T-Mobile Adds 1 Million-Plus Customers, Sold 5.6M Smartphones

By Michelle Maisto  |  Posted 2013-11-05 Print this article Print

With contracts, upgrades, high-speed data for tablets and international roaming woes solved, Legere put a spotlight on the next major "pain point" in need of addressing.

"I predict that family plans will quickly become a pain point," he said. "They were not created for the benefit of the family but as a way of [benefitting the carriers]."

Legere added that families are " fighting at the dinner table" over single buckets of limited, shared data, and that the "carriers that thrive on these family plans will have to do a massive massaging" of their current offers if they're going to keep their customers.

If they don't, they may risk losing more customers to Uncarrier 4.0, was the suggestion. Executives on the call shared that T-Mobile's "no apologies network position" means its 1 million-plus new customers came from "below and above."

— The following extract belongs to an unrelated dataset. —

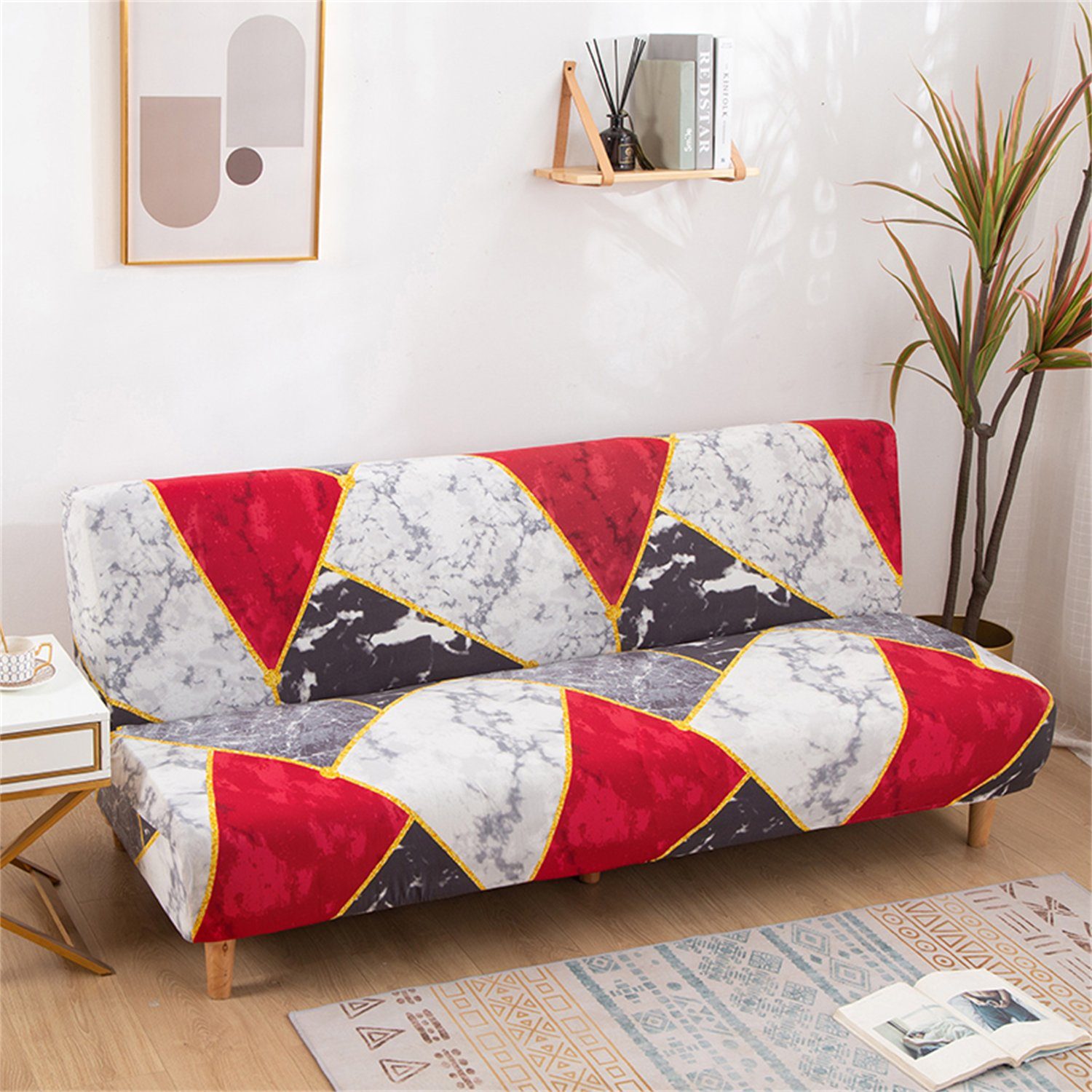 Rot ärmellos Sofahusse, Couch-Möbelschutz Sofabezug, HOMEIDEAS, Gedruckt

CFO Braxton Carter clarified, "Mostly from AT&T and Sprint."

Sprint, which underwent a number of changes during its third quarter, sold 5 million smartphones during the quarter, lost 360,000 postpaid subscribers and had an operating loss of $398 million.

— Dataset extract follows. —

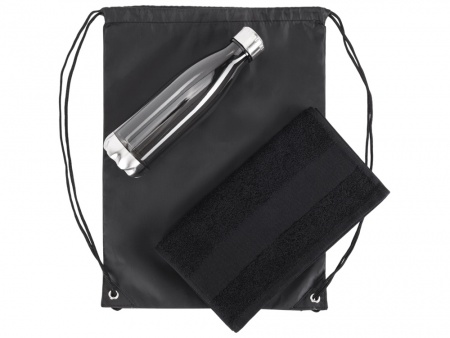 Спортивный набор с бутылкой и полотенцем «Beginner», черный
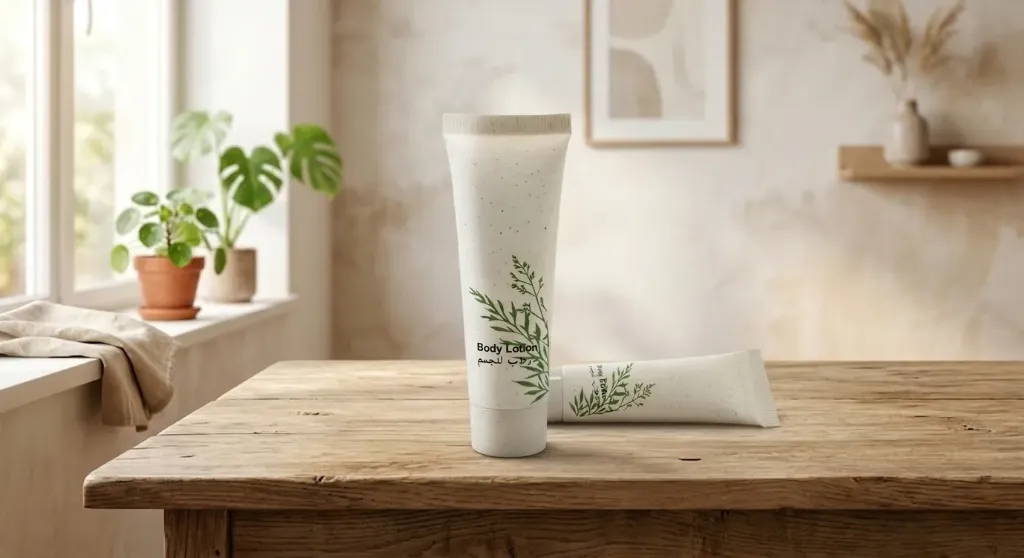 Eco-Friendly 30ml Body Lotion, Biodegradable Wheat Straw Tube, Matte Finish, Screw Cap, 3-Year Shelf Life.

AT&T added nearly 1 million subscribers during its third quarter, though only 178,000 were postpaid smartphone customers. It lost 285,000 subscribers, who it described as mostly feature-phone users, and brought in $6.2 billion in profit on revenue of $32.2 billion.

Verizon posted income of $7.1 billion on revenue of $30.3 billion. Its wireless revenue was $20.4 billion, and it activated more than 7.6 million smartphones during the third quarter. During its earnings call, CFO Fran Shammo suggested that even the market leader wasn't impervious to being impacted by T-Mobile.

"I can't tell you we don't lose customers to our competitors," he said, adding that Verizon Wireless is seeing some "older 3G phone customers ... shift over to the lower-end pricing plans of competitors."

In the fourth quarter, said Shammo, Verizon plans to "get more competitive" about keeping them.